ACTION ITEM: Copy every entry below verbatim, except for images.

•••••

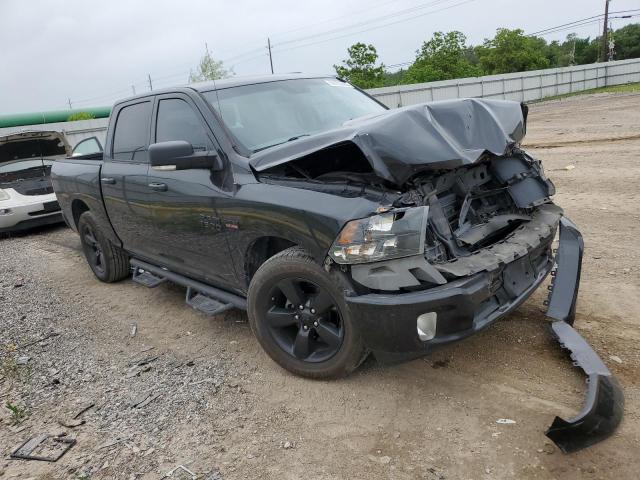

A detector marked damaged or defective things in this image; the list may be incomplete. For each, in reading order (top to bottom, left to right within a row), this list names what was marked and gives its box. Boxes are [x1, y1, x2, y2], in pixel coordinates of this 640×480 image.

crumpled hood [252, 97, 528, 186]
damaged front end of truck [251, 98, 624, 454]
detached front bumper [348, 218, 624, 454]
damaged fender [544, 219, 624, 452]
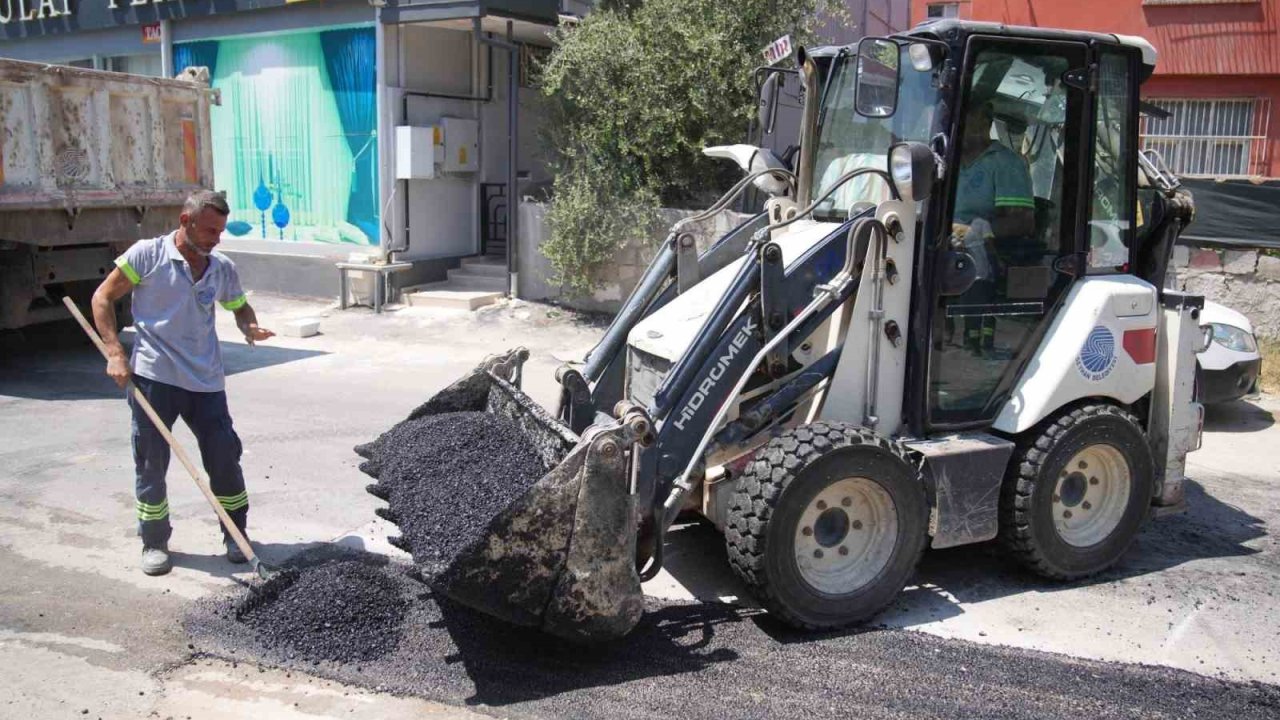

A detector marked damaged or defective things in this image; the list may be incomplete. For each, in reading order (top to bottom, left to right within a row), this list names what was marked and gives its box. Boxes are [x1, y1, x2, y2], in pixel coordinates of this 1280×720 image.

fresh asphalt patch [185, 543, 1280, 717]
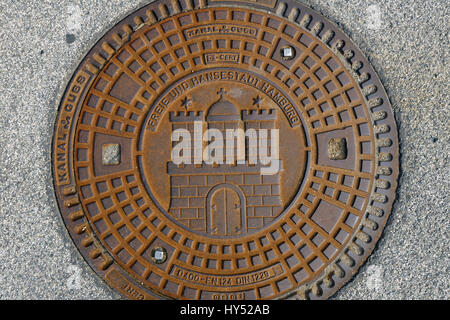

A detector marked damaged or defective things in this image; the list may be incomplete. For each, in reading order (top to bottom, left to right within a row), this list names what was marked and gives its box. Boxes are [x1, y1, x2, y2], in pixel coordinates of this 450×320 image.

rusty manhole cover [51, 0, 398, 300]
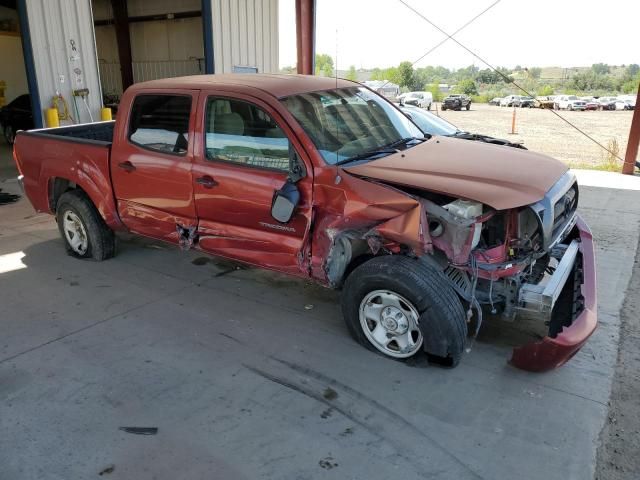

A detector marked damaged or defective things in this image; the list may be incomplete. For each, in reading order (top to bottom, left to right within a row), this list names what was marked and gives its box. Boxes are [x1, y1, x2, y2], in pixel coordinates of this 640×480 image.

crumpled hood [342, 135, 568, 210]
damaged front end [322, 168, 596, 372]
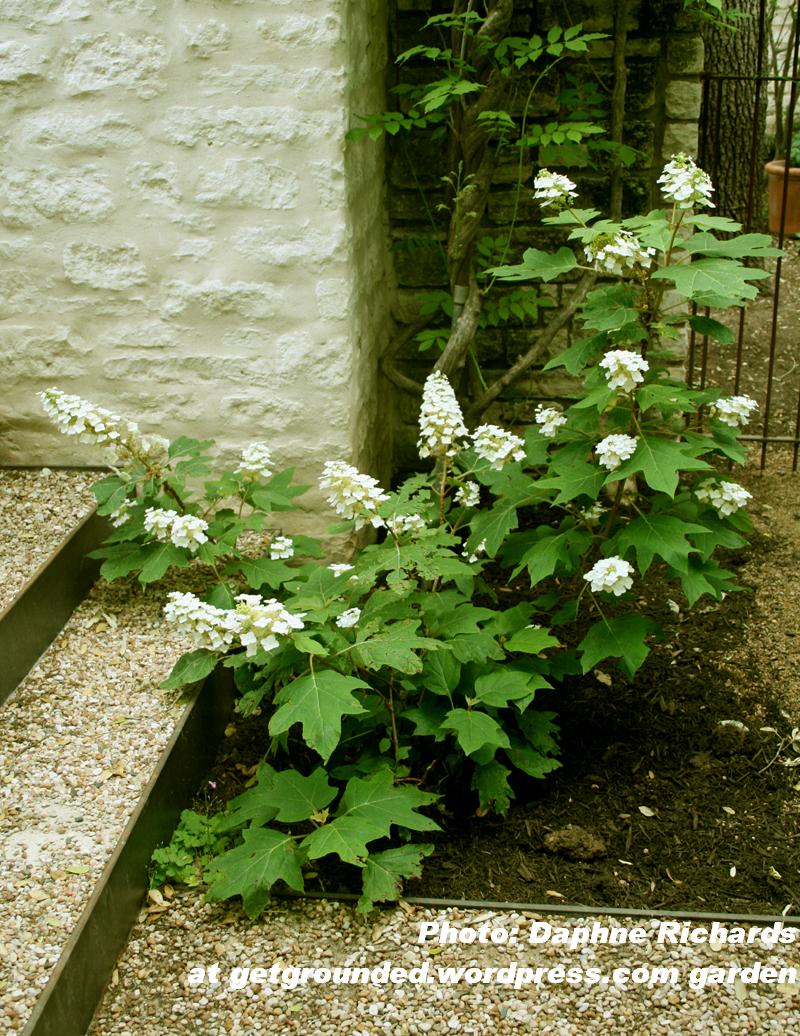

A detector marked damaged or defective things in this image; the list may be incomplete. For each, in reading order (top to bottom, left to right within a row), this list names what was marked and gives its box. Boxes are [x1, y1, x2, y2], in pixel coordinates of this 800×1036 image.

rusted metal edge [0, 511, 109, 708]
rusted metal edge [21, 663, 234, 1036]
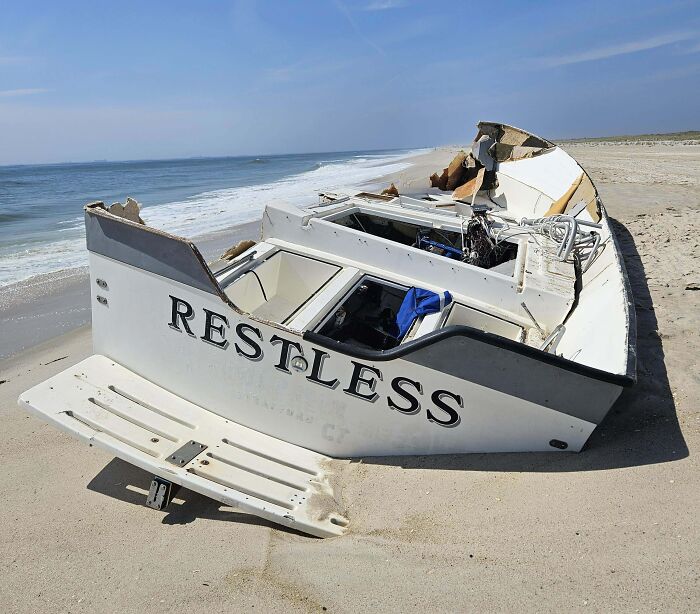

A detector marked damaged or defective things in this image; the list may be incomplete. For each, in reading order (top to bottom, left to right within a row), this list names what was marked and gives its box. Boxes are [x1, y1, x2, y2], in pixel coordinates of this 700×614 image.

wrecked white boat [20, 122, 636, 536]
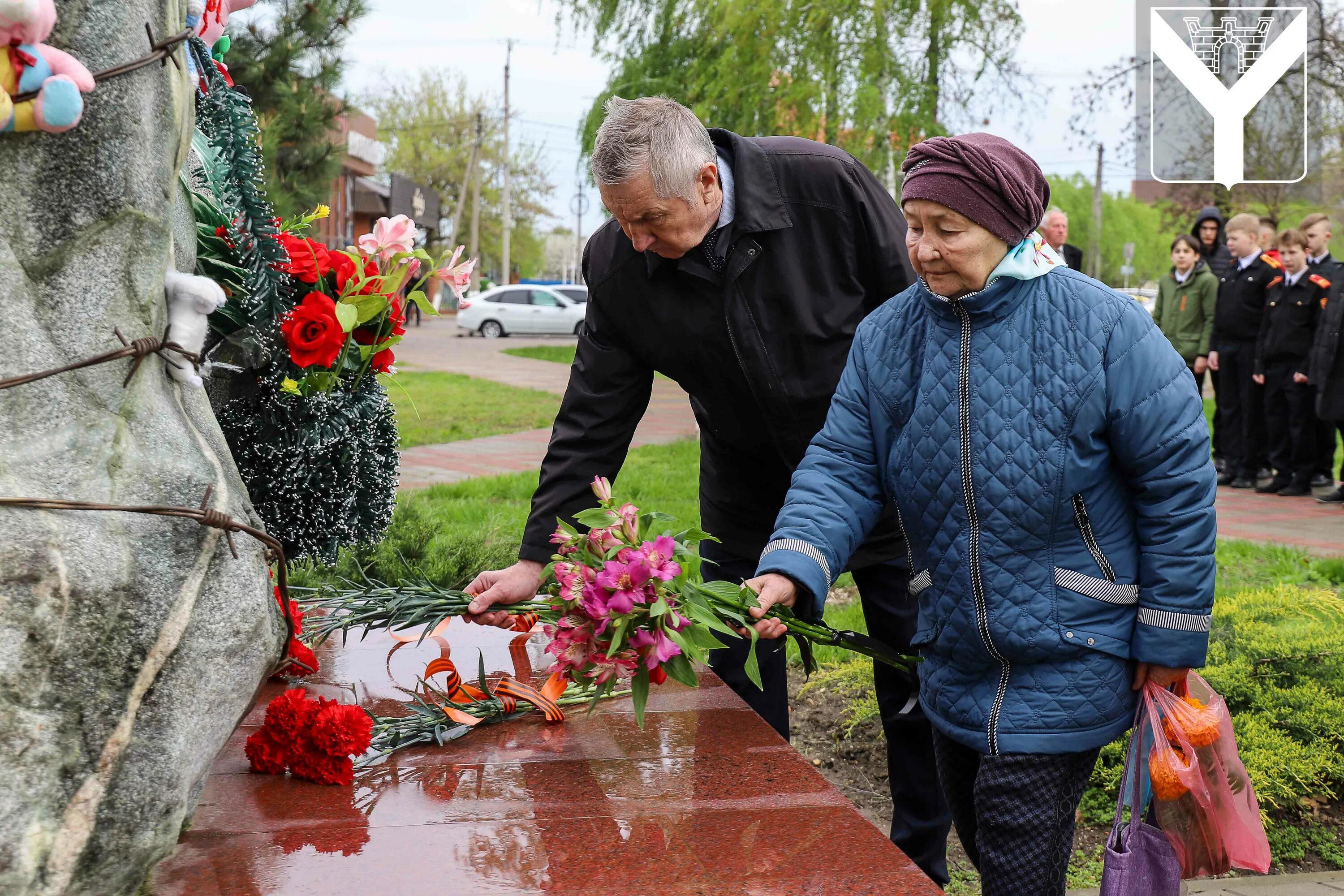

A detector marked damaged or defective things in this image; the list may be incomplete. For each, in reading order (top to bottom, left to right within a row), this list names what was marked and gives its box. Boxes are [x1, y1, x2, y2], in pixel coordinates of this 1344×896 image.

rusty barbed wire [0, 323, 199, 389]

•••••

WRITTEN RESPONSE:
A detector marked damaged or defective things in this image; the list may be incomplete. For each, in reading order (top to bottom, left to right within a row), this list names what was marked and gives its box. Boxes are [x1, y1, x2, y2], in pixel coordinates of this 640×480 image.

crumpled hood [252, 97, 528, 186]
damaged front end of truck [251, 98, 624, 454]
detached front bumper [348, 218, 624, 454]
damaged fender [544, 219, 624, 452]

A detector marked damaged or defective things in this image; the list may be incomplete. For each, in reading order (top to bottom, left to right within a row), this list names what was marked and gives its box. Boxes are [x1, y1, x2, y2], in pixel coordinates of this 1280×720 image.

fresh asphalt patch [185, 543, 1280, 717]

A detector marked damaged or defective things in this image; the list may be incomplete. For each, in reading order (top to bottom, left to right within a row), this list names what was marked and gives its box. Boxes are [x1, y1, x2, y2], in pixel coordinates of this 450×320 image.

rusty manhole cover [51, 0, 398, 300]

A detector marked damaged or defective things in this image; the list may be incomplete. For each, in reading order (top to bottom, left to right within a row), this list names what was marked and gives its box. Boxes are [x1, y1, x2, y2], in pixel coordinates of this 640×480 image.

crumpled hood [342, 135, 568, 210]
damaged front end [322, 168, 596, 372]

A detector marked damaged or defective things in this image; the list may be incomplete. For each, in reading order (top to bottom, left to right within a row), this list names what was marked and gives its box. Boxes are [x1, y1, x2, y2], in pixel coordinates of this 800×1036 image.

rusted metal edge [0, 511, 109, 708]
rusted metal edge [21, 663, 234, 1036]

A detector marked damaged or defective things in this image; the list may be incomplete. For each, in reading order (top to bottom, left to right within a row), this list names what was marked and gives its box. Boxes are [x1, y1, x2, y2], in pixel coordinates of this 700×614 image.

wrecked white boat [20, 122, 636, 536]

A detector marked damaged or defective things in this image; the list may be incomplete. For each, in reading order (top to bottom, left to right within a row), this list names what was marked and gives its box. Boxes are [x1, y1, x2, y2], in pixel coordinates of this 1344×896 image.

rusty barbed wire [0, 323, 199, 389]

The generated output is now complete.